··· DATA UNDER STUDY ···

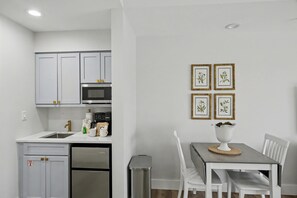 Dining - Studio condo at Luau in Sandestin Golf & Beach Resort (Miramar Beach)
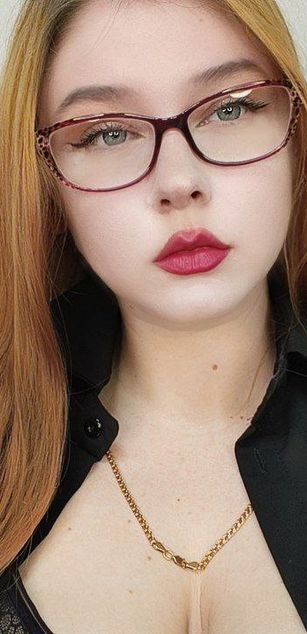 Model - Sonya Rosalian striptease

···
··· DATA UNDER STUDY ···

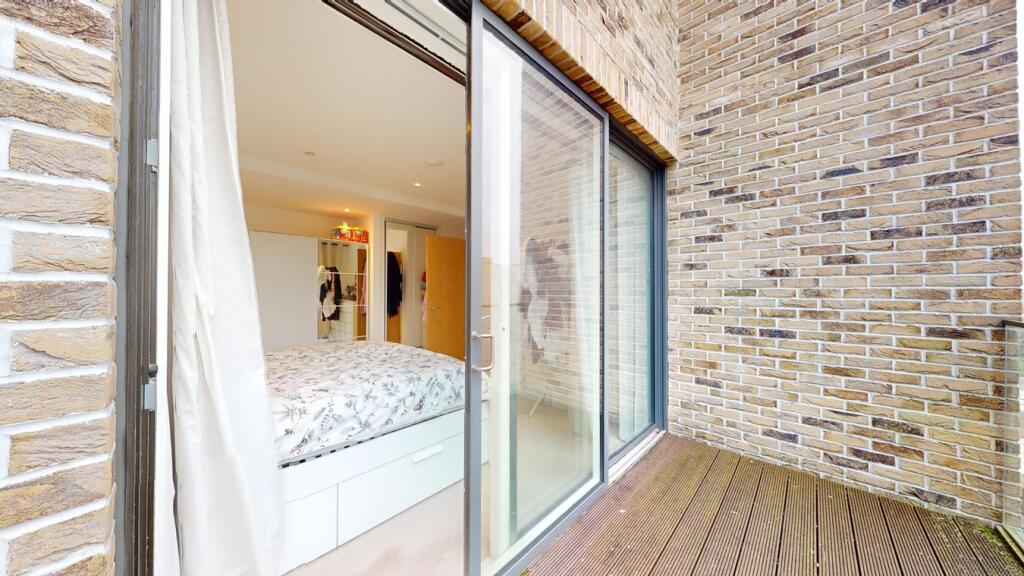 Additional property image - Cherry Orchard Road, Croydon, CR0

···

Would you write out exactly the lines above, starting at the line containing "Dining - Studio" and stopping after the line containing "Model - Sonya Rosalian striptease"? Omit the pictures.

 Dining - Studio condo at Luau in Sandestin Golf & Beach Resort (Miramar Beach)
 Model - Sonya Rosalian striptease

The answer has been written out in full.